A ja nie wiem co z tym czasem zrobić, szkoda że nie mam sił na spacer po pewnie wybrałabym się na małą górską wycieczkę. Zaraz zabieram się za książkę
dubeltówka udanej podróży i mam nadzieję, że Pl masz nieograniczony dostęp do netu ;-) tititek


andariel oj wkręcasz sobie, wkręcasz! U nas to samo było 2, 3 tygodnie temu. Tylko mama, mama, w nocy tylko mama, mama. Jak trafiała do mojego łóżka to trzymała mnie za rękę w trakcie snyu i nie mogłam jej puścić a na sam widok marcina wchodzącego do pokoju krzyczała NIE NIE i ściskała mnie mocno... a traumy okołoporodowej nie ma na pewno;-) w ogóle nie wiem jaka mogłaby mieć traumę, jej najgorsze przezycia to mama nakazująca posprzątać guziki. No i może kilka razy na nią krzyknęłam

po prostu taki okres i tyle. Co zauwazyłam u nas to to, że jak tylko wyjdę z domu to probem mija. Swietnie się bawi z Marcinem czy moją mamą. Jak tylko wrócę od razu tylko do mnie. W dzień nie ma mowy żeby Marcin ją położył spać a juz mi pisał, że u teściów zasnęła z nim bez najmniejszego problemu.
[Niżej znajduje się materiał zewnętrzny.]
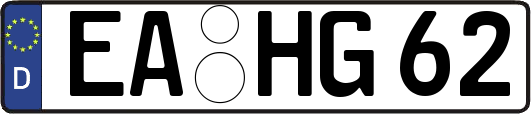 EA-HG62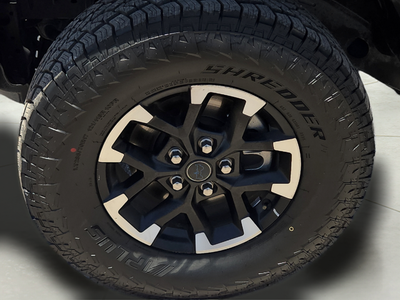 2024 Jeep Wrangler Rubicon 4xe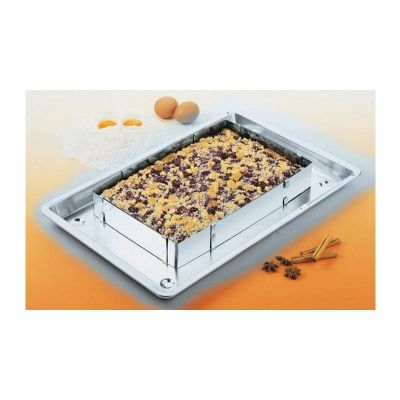 FMprofessional 8701 Ayarlanabilir Pişirme Çercevesi - 2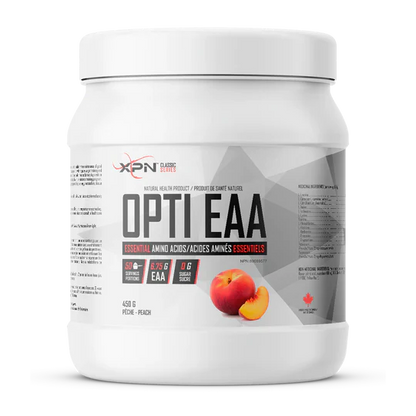 Opti EAA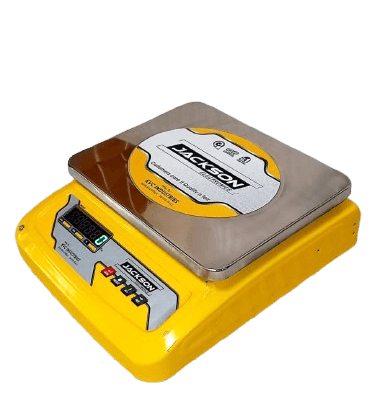 Regular Mini MS Balance (Yellow)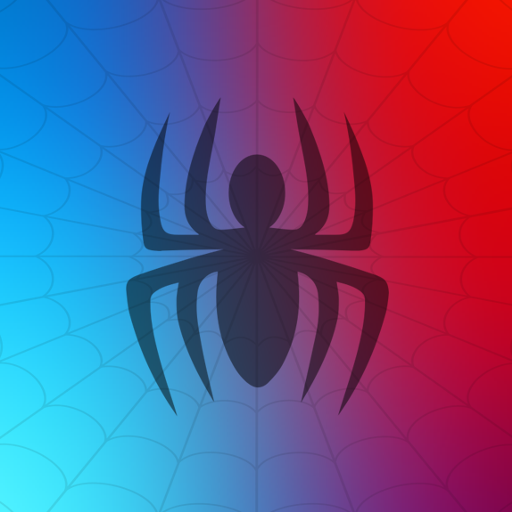 Web Slinging Spider-Man icon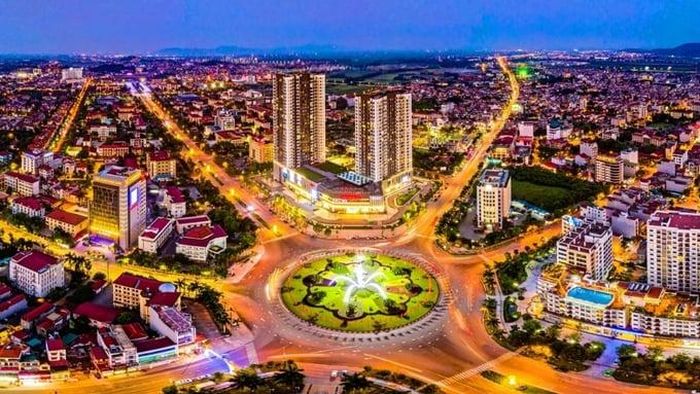  Tỉnh Bắc Ninh là 1 trong 2 tỉnh đang được đề xuất thành phố trực thuộc Trung ương. Ảnh minh họa. 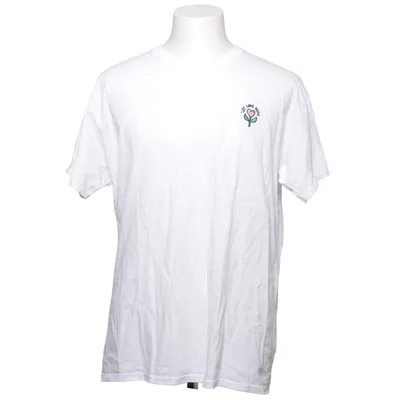T-shirt (Blanc) de New Love Club Coton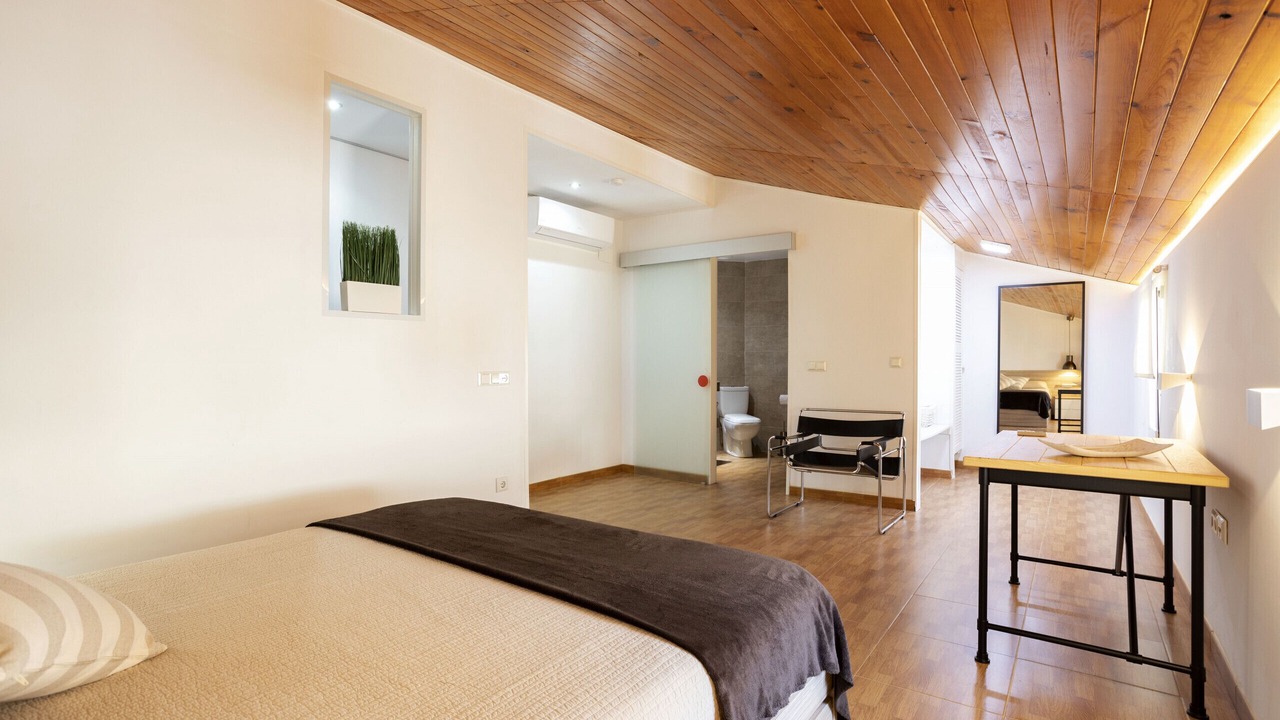 Photo of Bedroom in Moscari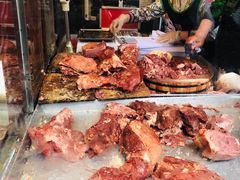 -马志善稀糊爛生熟肉店
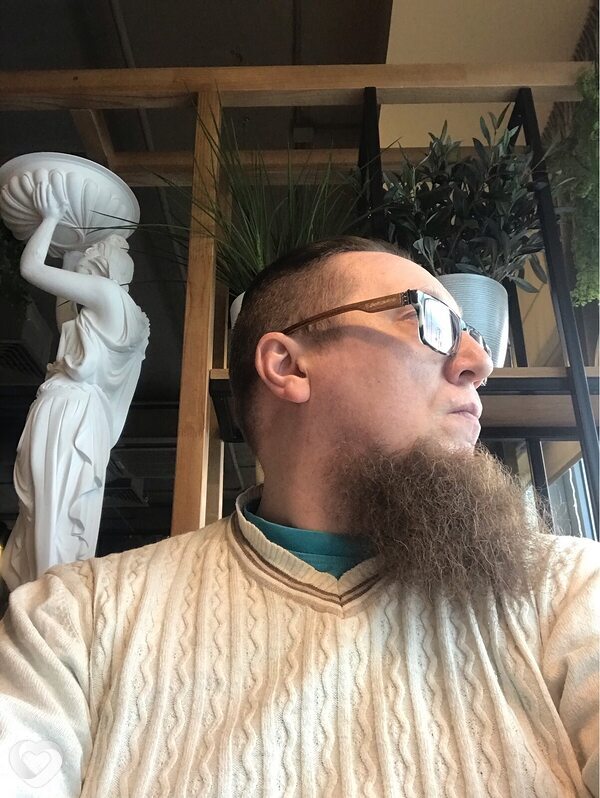 Дмитрий, 44, Тюмени — анкета №1839814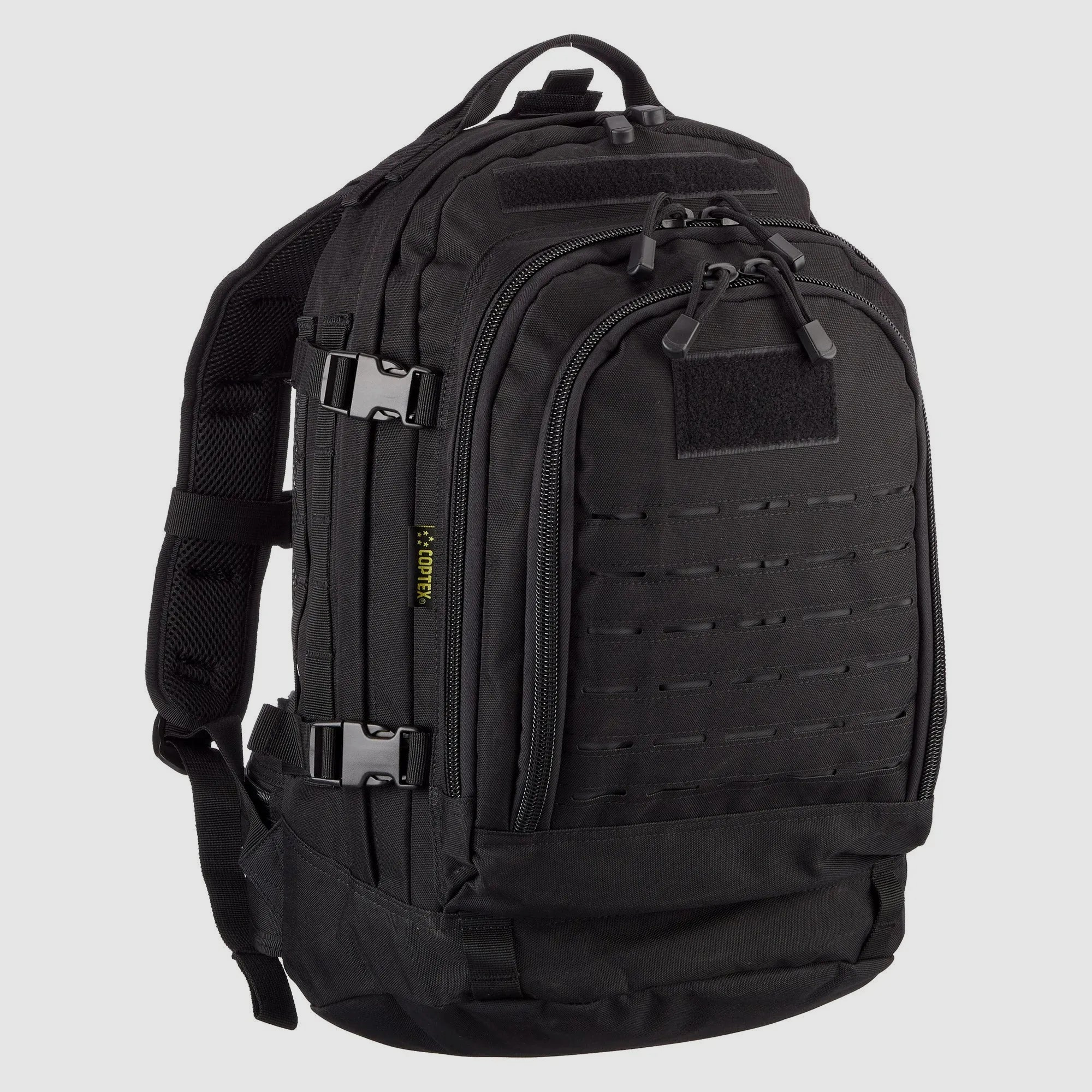Coptex Coptex Rucksack 30 L schwarz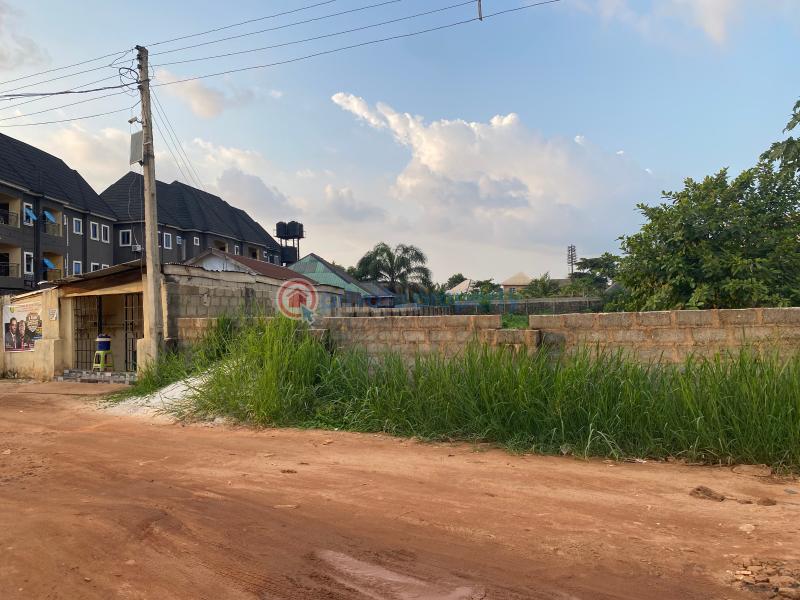 Residential Land For Sale Umuodu Mbieri By Spibat Rd, Owerri, Imo State. Owerri Imo - 6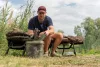 Korda Bucket Table vödör asztal (KDA021)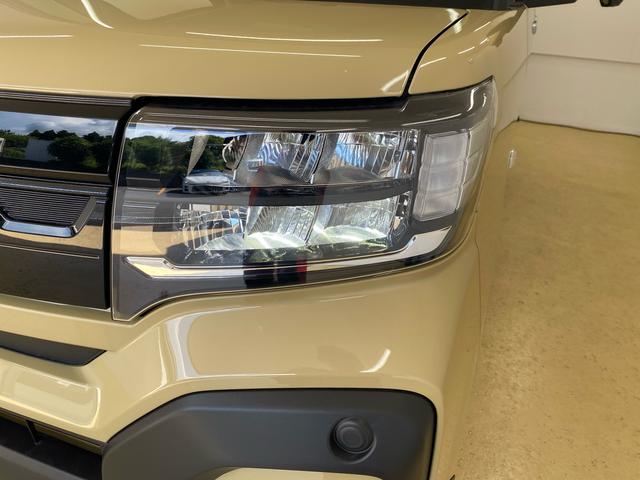 タントファンクロス　保証付き（静岡県）の中古車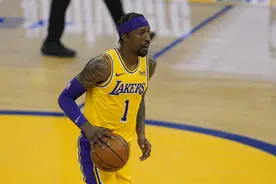 NBA球队最被低估的球员图片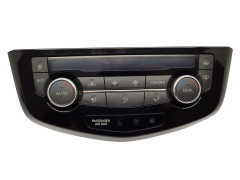 Panel Klimatizace Nissan Qashqai 2 275004EA1A T907771 10367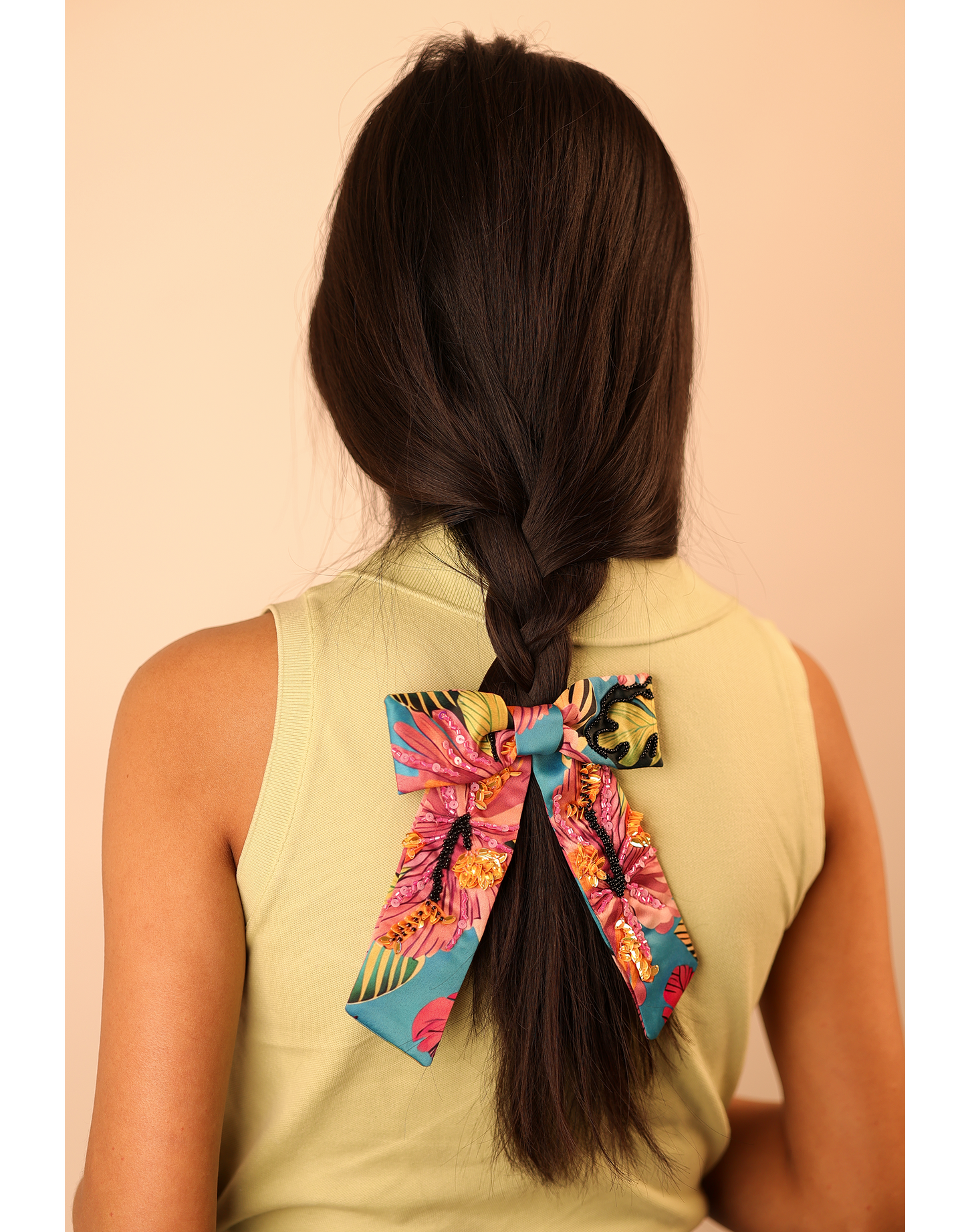Tropical Bow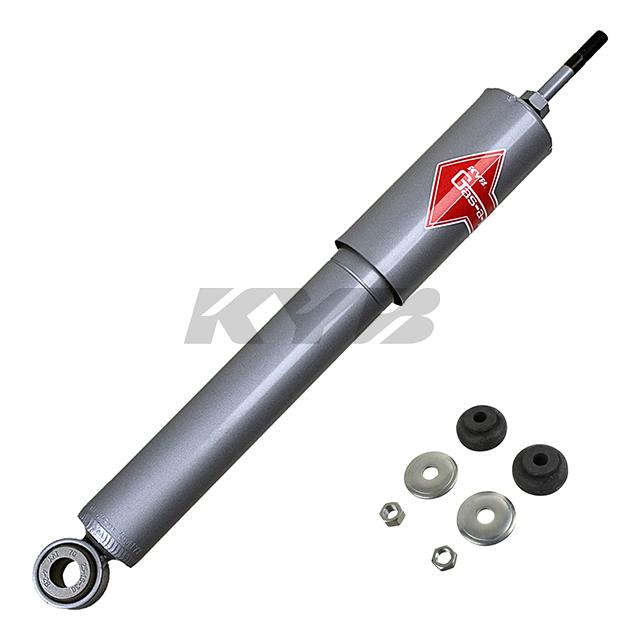 Picture of KYB Shocks & Struts Gas-A-Just Front FORD E Series Econoline Van 2007 FORD Excursion 2000-05 FORD F2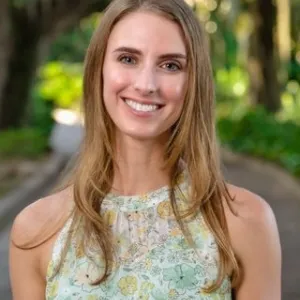 Ashley Sonnone, ATR-BC, LMHC, Art Therapist in Tallahassee, FL 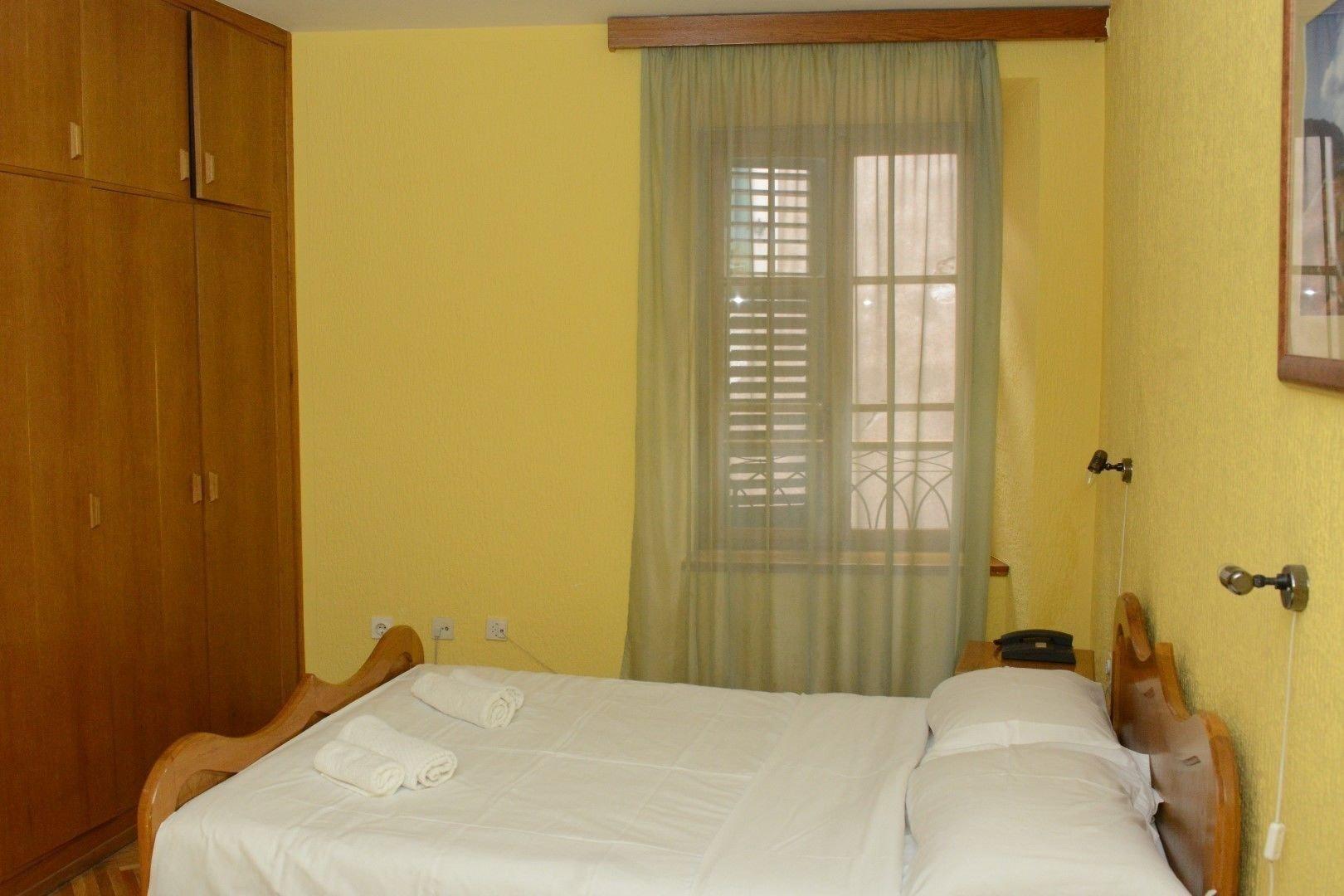 Hotel Marija Котор Екстериор снимка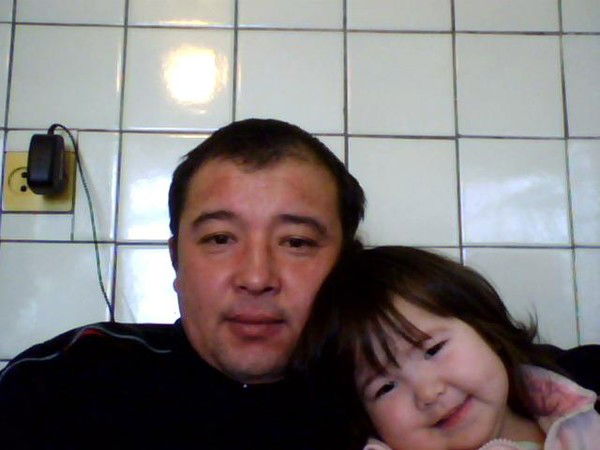 Фархат Нурмухамедов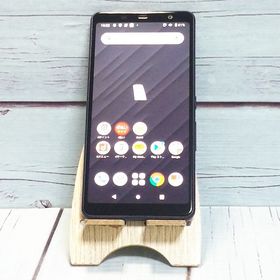 docomo arrows Be4 F-41A Black 991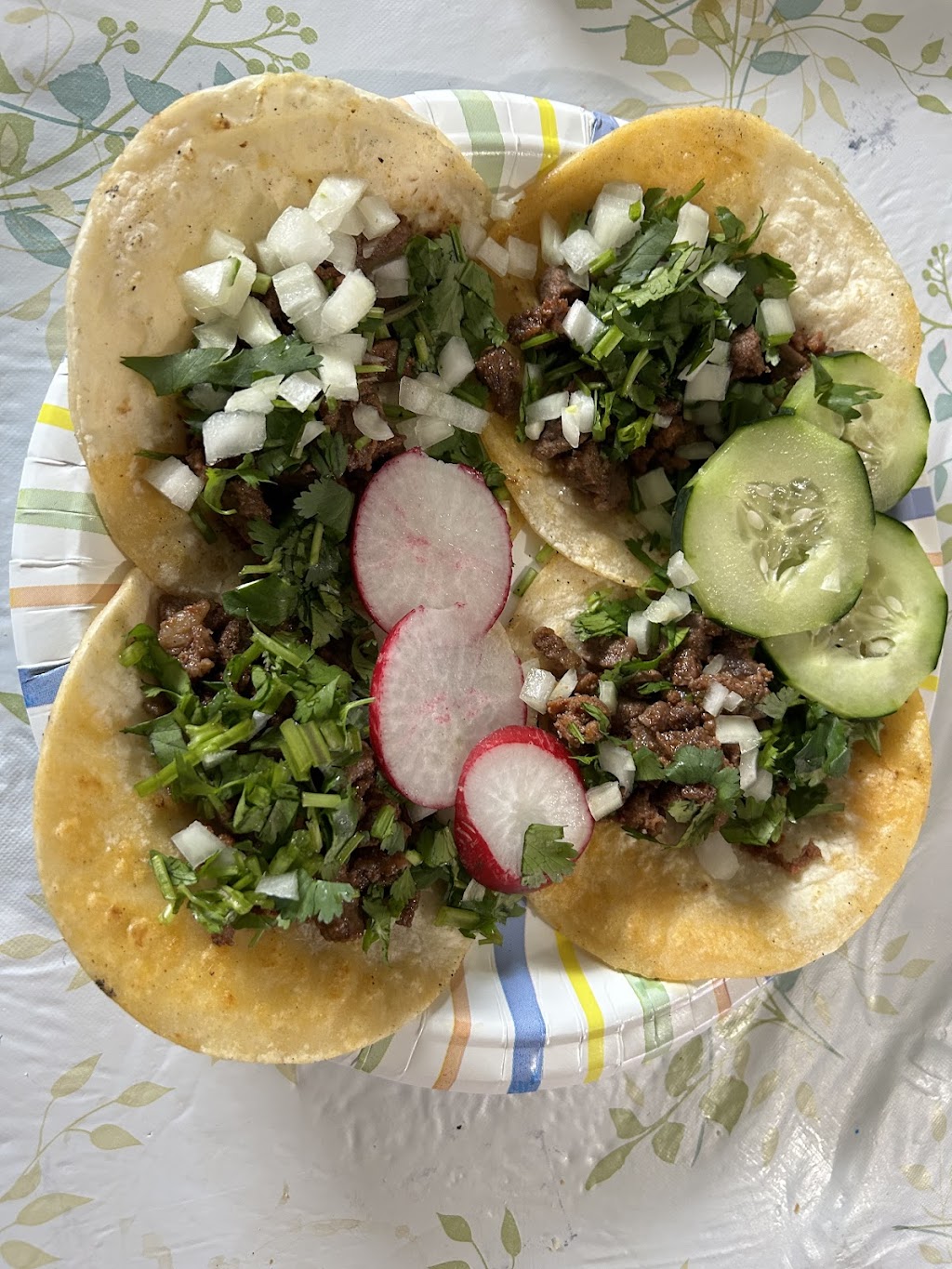 Taqueria la ranchera | restaurant | 1510 Church St, Barling, AR 72923, USA | 4792768509 OR +1 479-276-8509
Zatem ja bym się nie bała wyjścia, będzie dobrze
W Szymonie jako imieniu też mi najbardziej przeszkadza to, że ich strasznie dużo teraz:-(
damada Marysia wczoraj też nie chciała spać cały dzień i dopiero ok 17 sama sie poloyzla na łózku zawodząc głośno NYNY (spać). Ale ja jako wyrodna matka jej nie pozwoliłam, bo obawiałam się właśnie csenariusza - pośpi do 19 i potem do 23 harce. A ja nie mam siły na nocne zabwy z dzieckiem. Więc przetrzymałam ją na siłę do 19 i dopiero wtedy kapiel i spanie. I spała twardo do rana
mamoM co do sytuacji w szpitalu to nie poprawi się na pewno do mojego porodu, bo ja mam 23 mieć wywoływanie jeśli nic się wydarzy samo do tego czasu, a już mówi sie o tym, że w szpitalach taka połowiczna "kwarantanna" do końca stycznia będzie

No cóż zrobić, trzeba będzie zacisnąć zeby i przekimac się na kozetce.